» **Work request**: I would like the lines below, from the one with "Thinned daikon cotyledons" through the one with "Тетрадь предметная MonoPastel", copied exactly and without any pictures.

» **Information shown**:
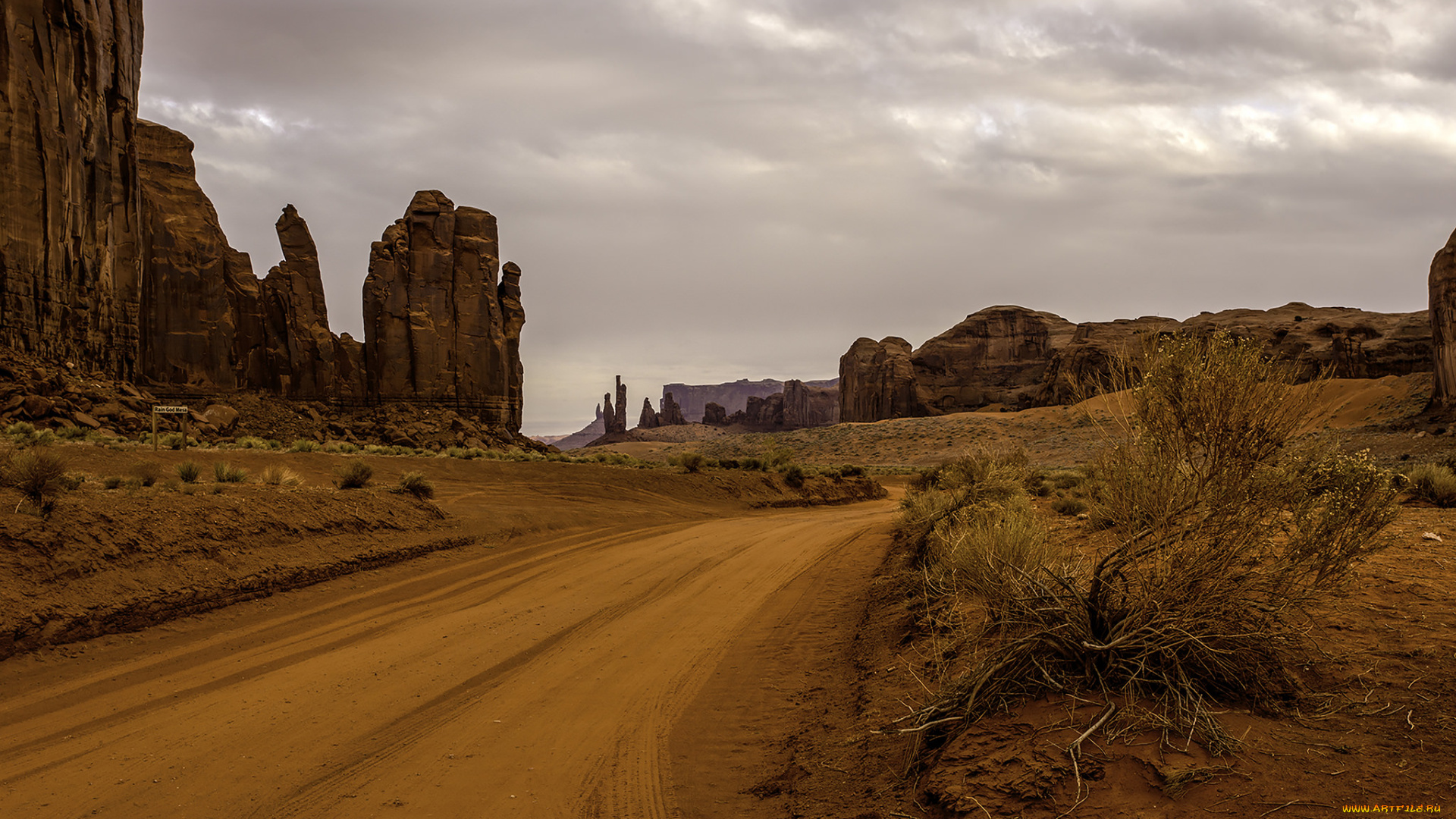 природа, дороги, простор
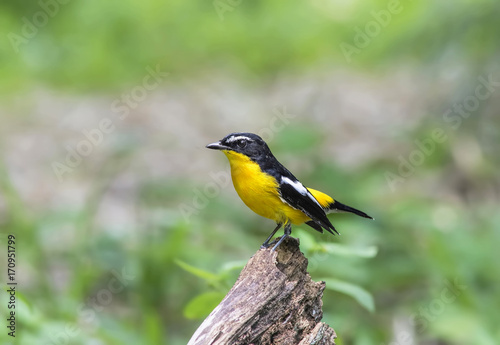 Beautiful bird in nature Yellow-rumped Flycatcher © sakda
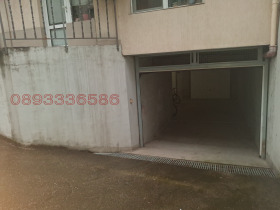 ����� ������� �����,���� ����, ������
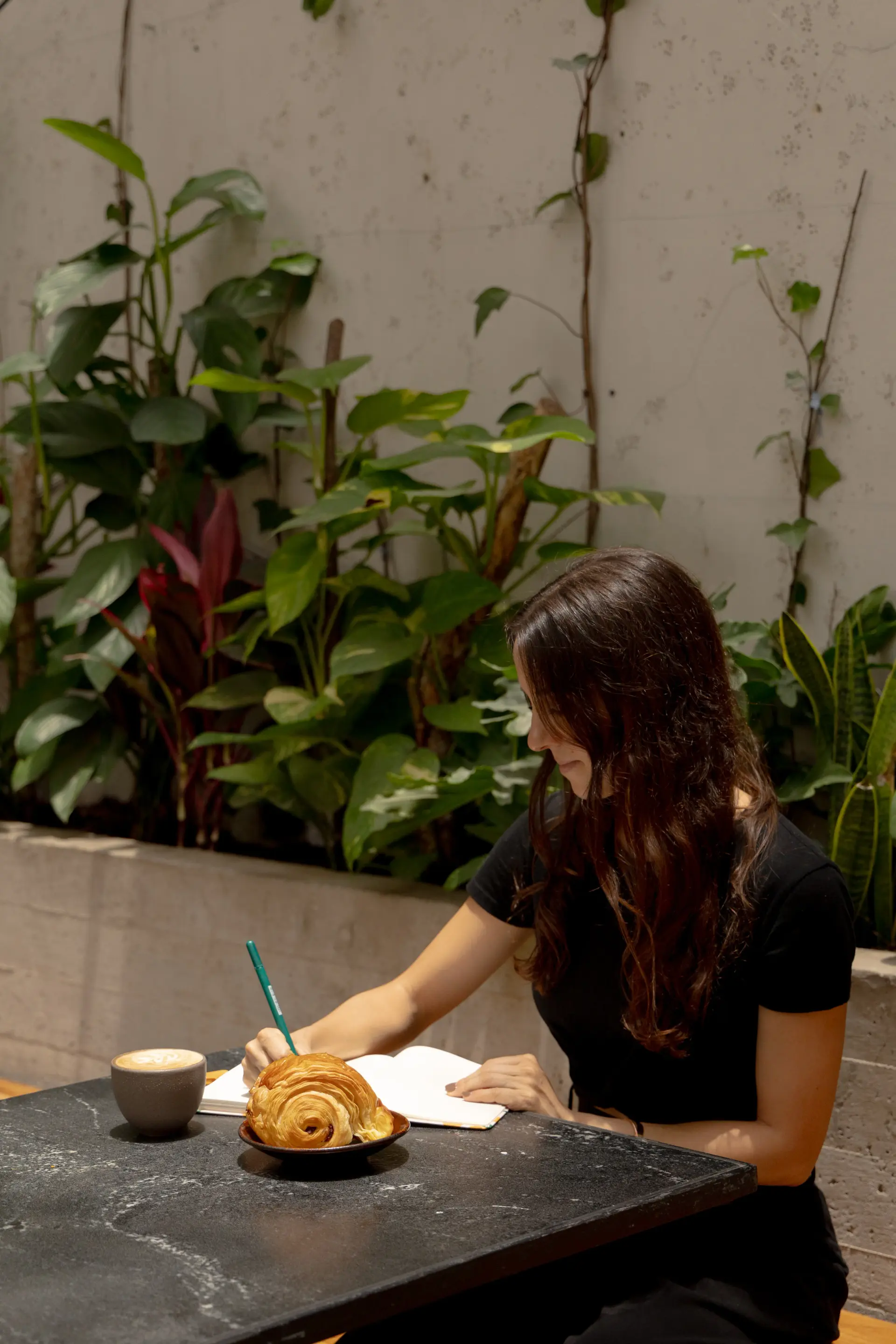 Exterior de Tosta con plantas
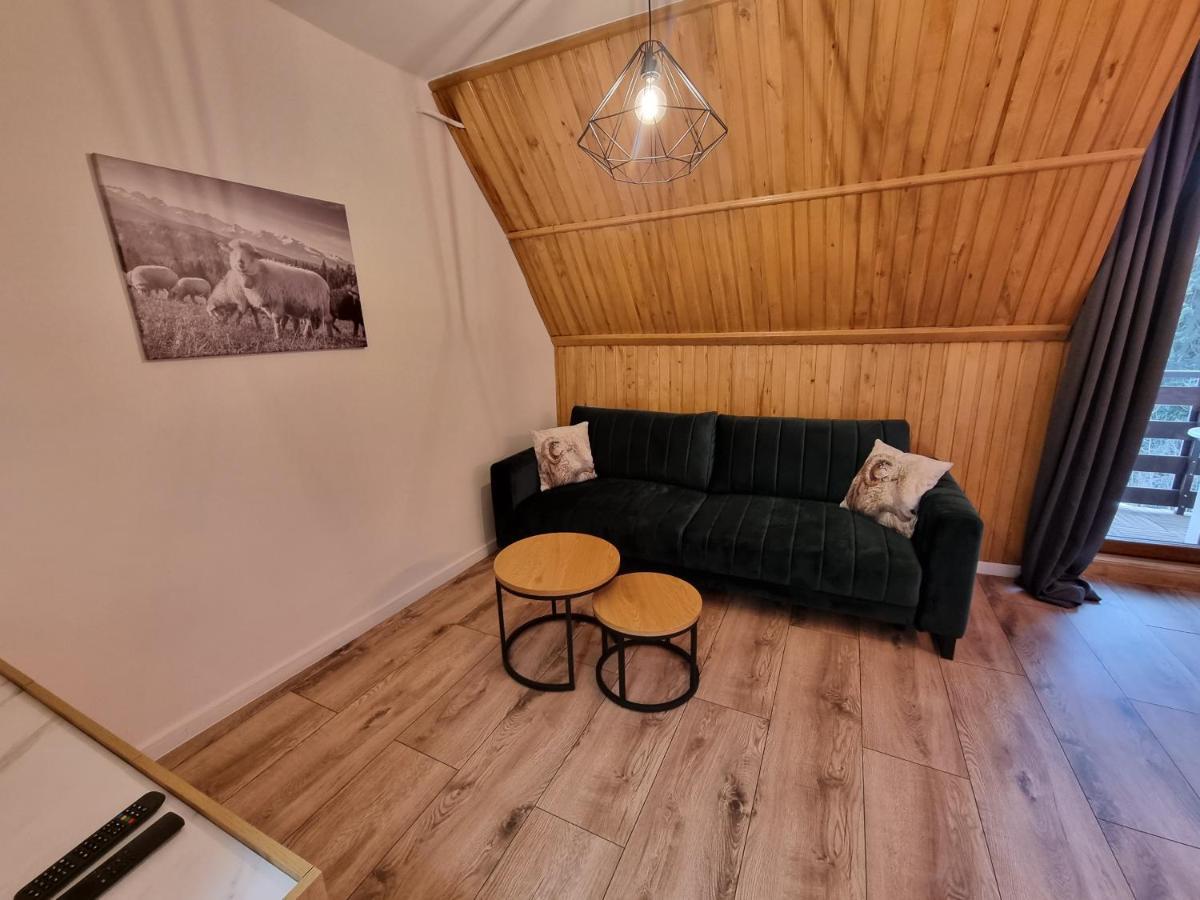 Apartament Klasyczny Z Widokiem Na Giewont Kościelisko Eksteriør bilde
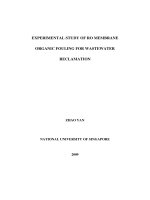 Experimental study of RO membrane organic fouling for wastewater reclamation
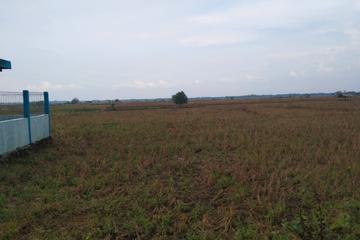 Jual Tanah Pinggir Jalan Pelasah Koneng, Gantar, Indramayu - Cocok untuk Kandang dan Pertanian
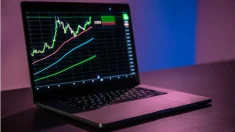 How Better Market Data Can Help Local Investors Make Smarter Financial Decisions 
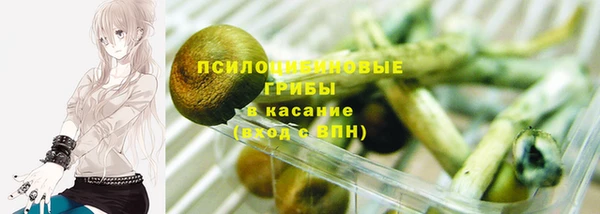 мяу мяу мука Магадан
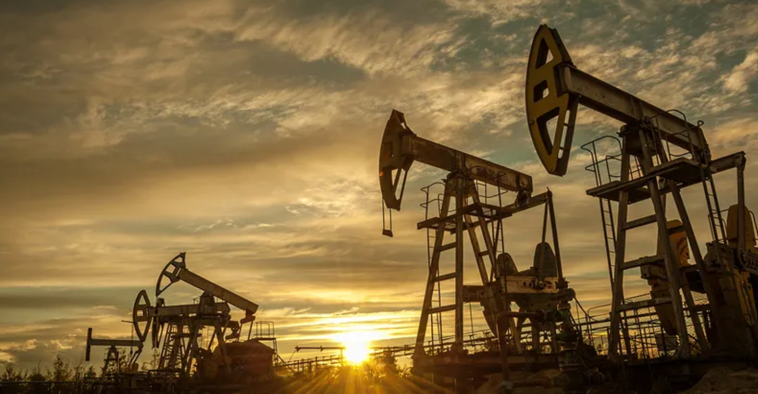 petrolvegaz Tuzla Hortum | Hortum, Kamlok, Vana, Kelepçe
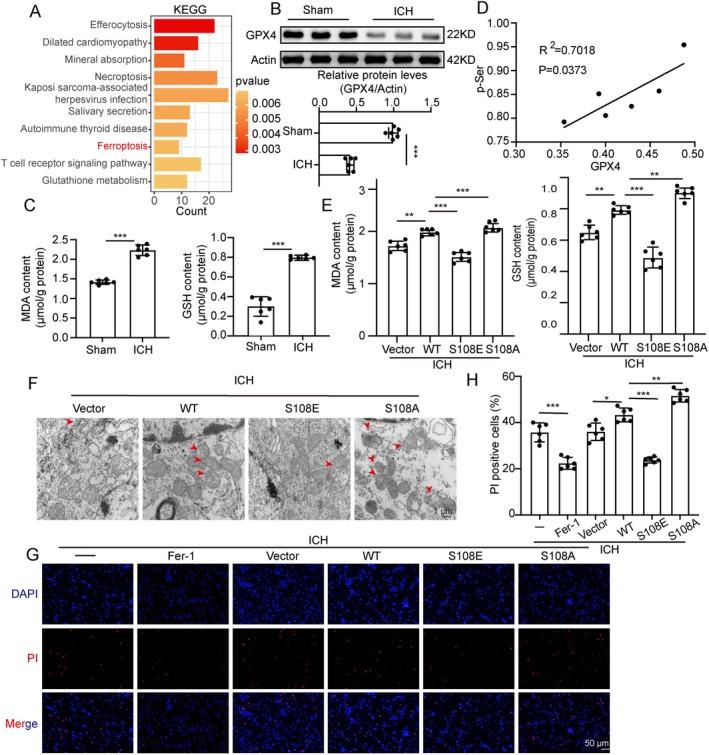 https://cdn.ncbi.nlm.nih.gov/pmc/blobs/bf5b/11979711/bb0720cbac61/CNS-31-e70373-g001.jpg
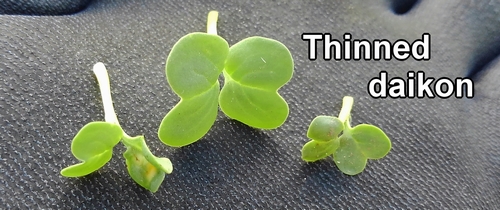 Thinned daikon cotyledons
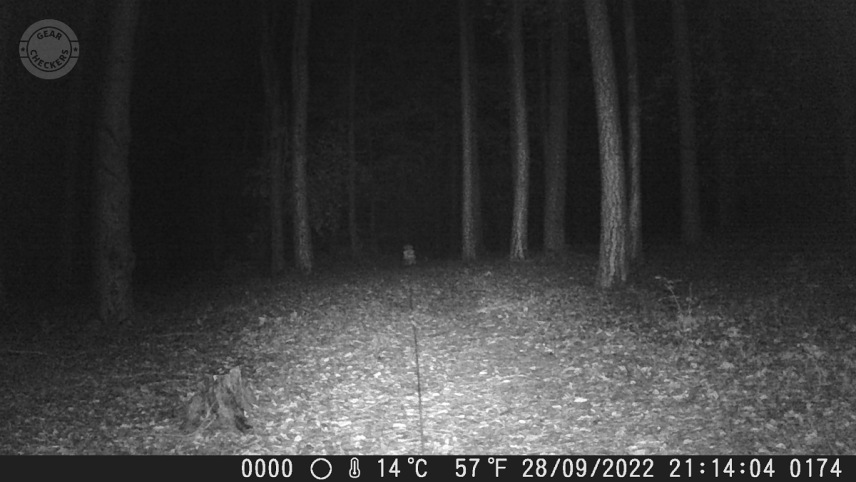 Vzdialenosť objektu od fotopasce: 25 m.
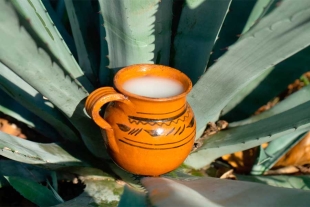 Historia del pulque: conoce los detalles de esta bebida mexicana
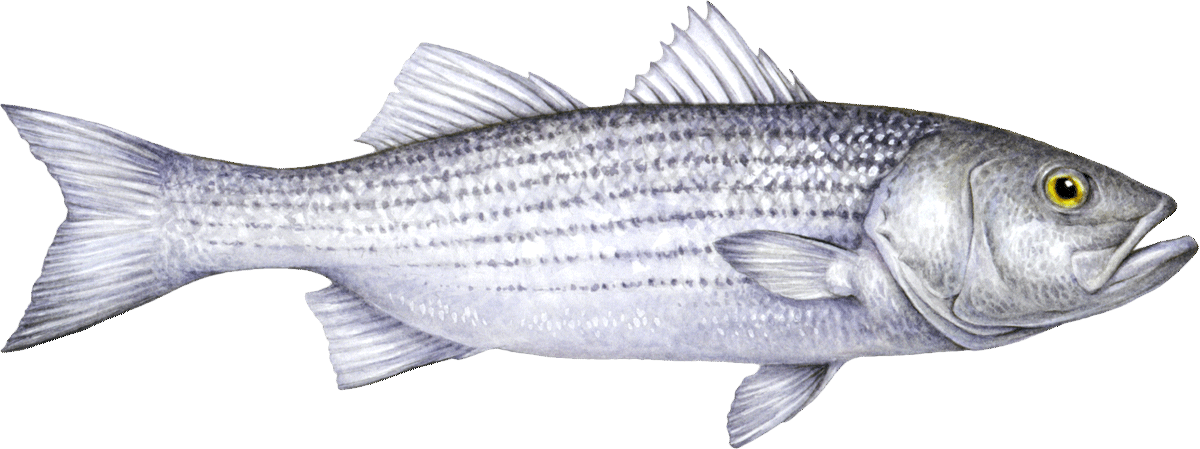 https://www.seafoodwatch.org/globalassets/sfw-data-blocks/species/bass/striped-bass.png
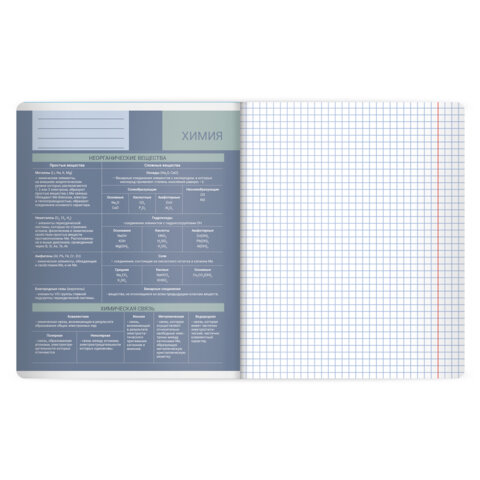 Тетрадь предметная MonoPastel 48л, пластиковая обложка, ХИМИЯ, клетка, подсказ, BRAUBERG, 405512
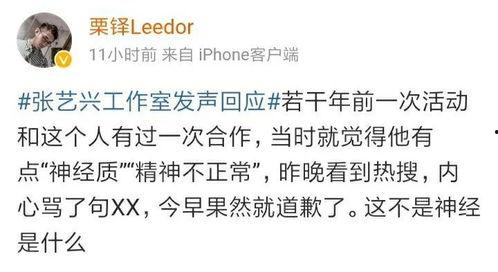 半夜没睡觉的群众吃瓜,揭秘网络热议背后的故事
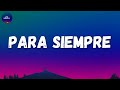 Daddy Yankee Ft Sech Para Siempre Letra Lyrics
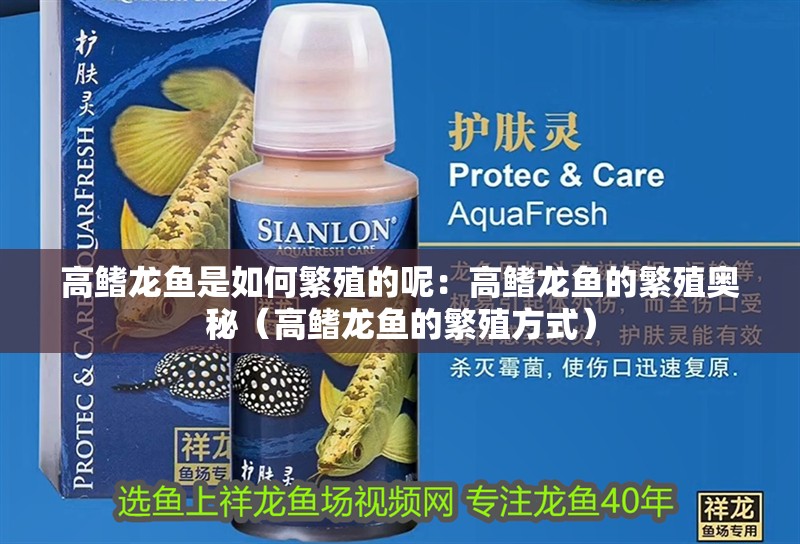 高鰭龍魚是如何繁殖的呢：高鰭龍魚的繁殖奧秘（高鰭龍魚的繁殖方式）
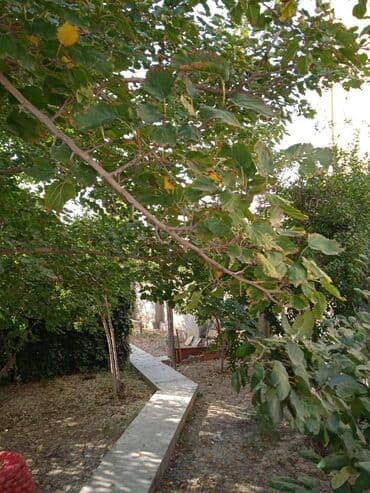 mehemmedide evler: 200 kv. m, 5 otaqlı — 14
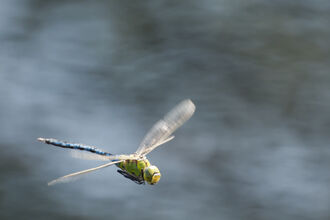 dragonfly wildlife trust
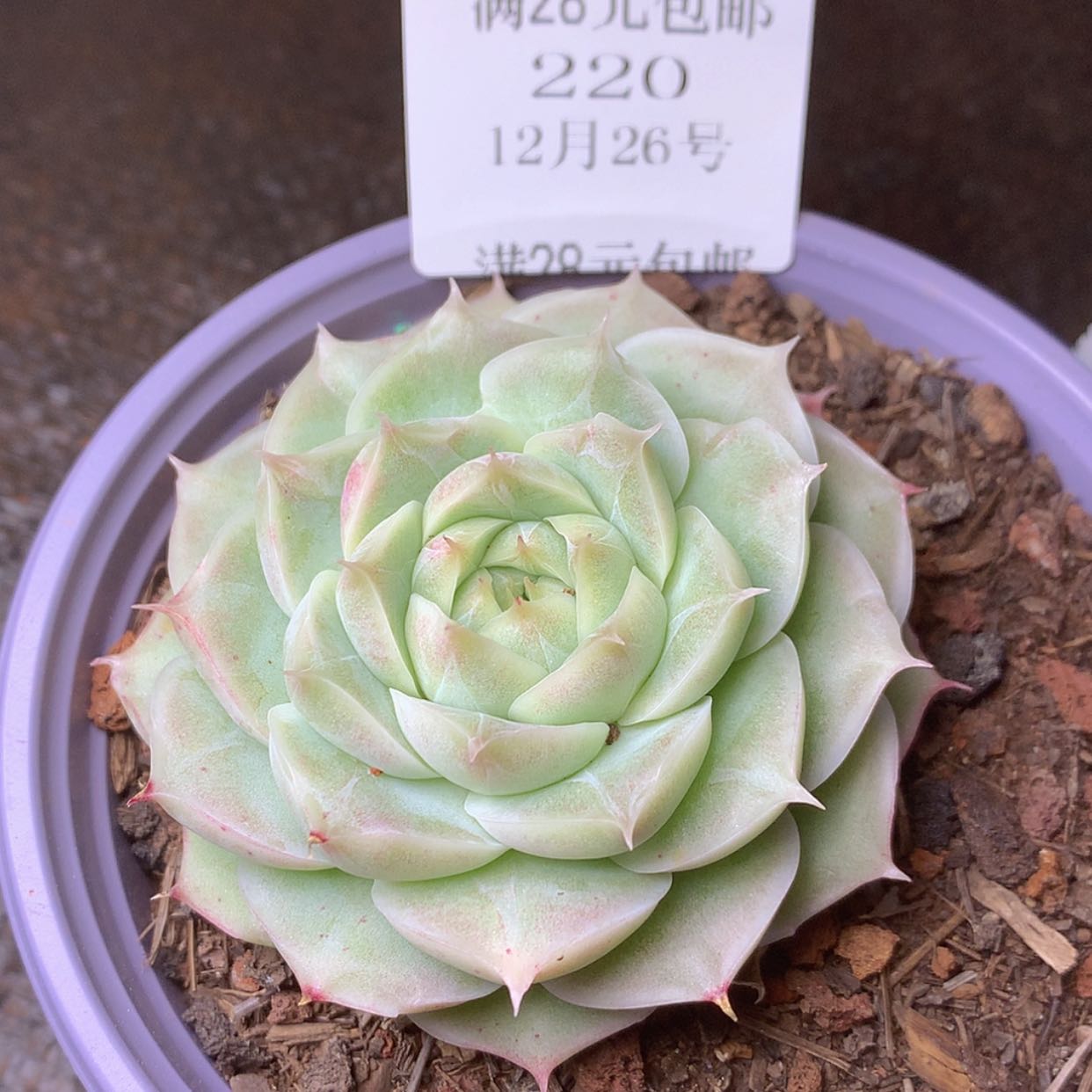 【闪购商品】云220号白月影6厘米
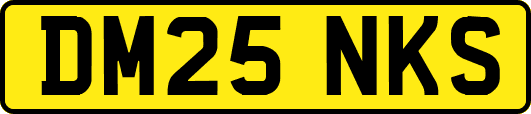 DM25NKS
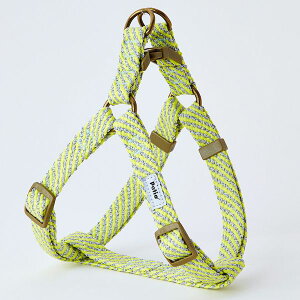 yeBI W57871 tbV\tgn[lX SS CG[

» **Task response**:
 Thinned daikon cotyledons
 Vzdialenosť objektu od fotopasce: 25 m.
 Historia del pulque: conoce los detalles de esta bebida mexicana
 https://www.seafoodwatch.org/globalassets/sfw-data-blocks/species/bass/striped-bass.png
 Тетрадь предметная MonoPastel 48л, пластиковая обложка, ХИМИЯ, клетка, подсказ, BRAUBERG, 405512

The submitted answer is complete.